• [EXERCISE DESCRIPTION] When you reproduce the listing, keep every word as it is and drop the pictures.

*** STORED DATA ***

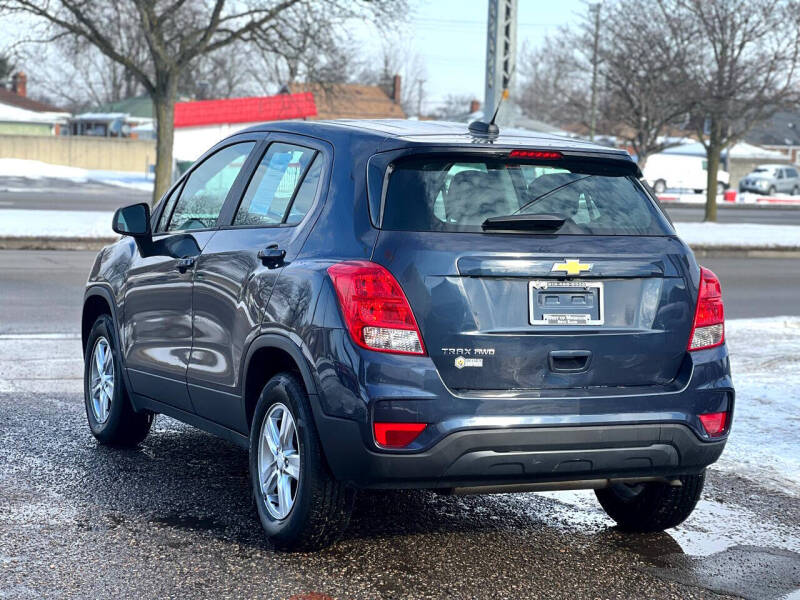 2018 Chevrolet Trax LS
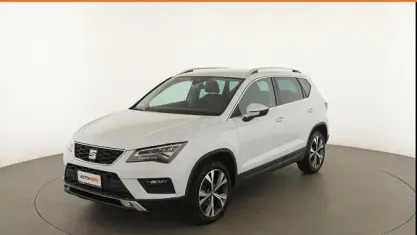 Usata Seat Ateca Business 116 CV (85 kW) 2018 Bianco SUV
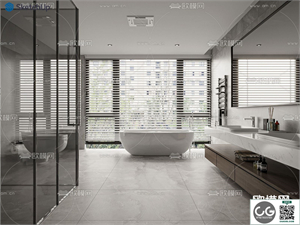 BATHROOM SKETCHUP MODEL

*** End of STORED DATA ***

• [OUTPUT FOR THIS TASK]
 2018 Chevrolet Trax LS
 Usata Seat Ateca Business 116 CV (85 kW) 2018 Bianco SUV
 BATHROOM SKETCHUP MODEL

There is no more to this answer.